Ces usines (le verrier Euroglas et la plate-forme chimique W Europe) représentent un potentiel annuel de production de 200 gigawattheures selon M2A, soit la consommation de chaleur de 20 000 logements. Le chiffre excède la production des réseaux existants de l’agglomération, située à 180 GWh/an.

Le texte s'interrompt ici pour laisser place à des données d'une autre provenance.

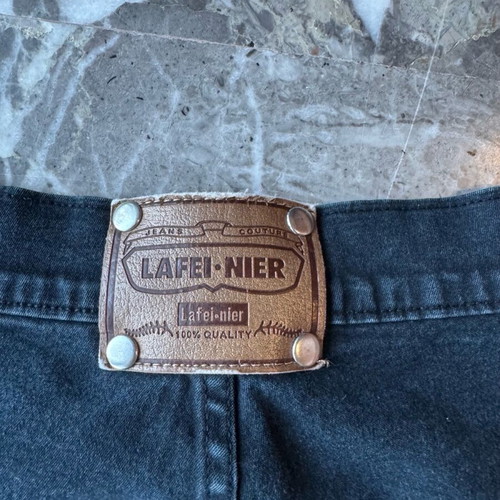 Women's black capri jeans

Mais l’habitat ne sera de loin pas le seul utilisateur, puisque le principal (à hauteur de 15 % environ) pourrait être l’usine automobile Stellantis, situé sur le trajet entre cette « bande rhénane » et le cœur d’agglomération.
Traverser la ville et ne pas perdre des degrés
La longueur des conduites, 30 kilomètres pour le transport depuis les bords du Rhin où les entreprises sont implantées, puis 20 km pour la distribution, représente une « complexité technique », reconnaît Rémy Neumann, vice-président de M2A pour les réseaux de chaleur. « L’enjeu principal sera la maîtrise de la traversée de la ville de Mulhouse », poursuit l’élu, qui se montre moins inquiet sur la déperdition d’énergie préjudiciable au rendement au fil du trajet : « Les avancées techniques permettent de la minimiser. Nous ne devrions perdre que 2 à 3 °C sur la température de récupération de 110 °C », prévoit Rémy Neumann.

Pour réussir son projet d’envergure, la collectivité choisit, dès lors, de s’adosser à un opérateur : la société Réseaux de chaleur urbains d’Alsace (R-CUA) prendra 34 % d’une société d’économie mixte (SEM) qui sera constituée dans les prochains mois.
Filiale commune au distributeur de gaz alsacien R-GDS et au Suisse Primeo Energie, elle construit et exploite déjà (avec Dalkia) le plus récent des réseaux mulhousiens, parmi diverses références dans le Grand Est. M2A détiendra dans un premier temps 66 % de la SEM au capital de 4 millions d’euros. « Nous nous réservons la possibilité de céder une partie de nos parts à des partenaires tels que la Banque des Territoires, la Collectivité européenne d’Alsace et la région Grand Est, mais garderons au minimum 51 % », précise Fabian Jordan, le président de M2A.
Le projet « participera à l’objectif d’une autonomie énergétique autant que possible », poursuit le président. Il doit en effet réduire significativement la dépendance au gaz : de près de 40 %, sa part dans le mode d’alimentation des réseaux de chaleur devrait se réduire entre 10 et 20 % à la mise en service du nouveau.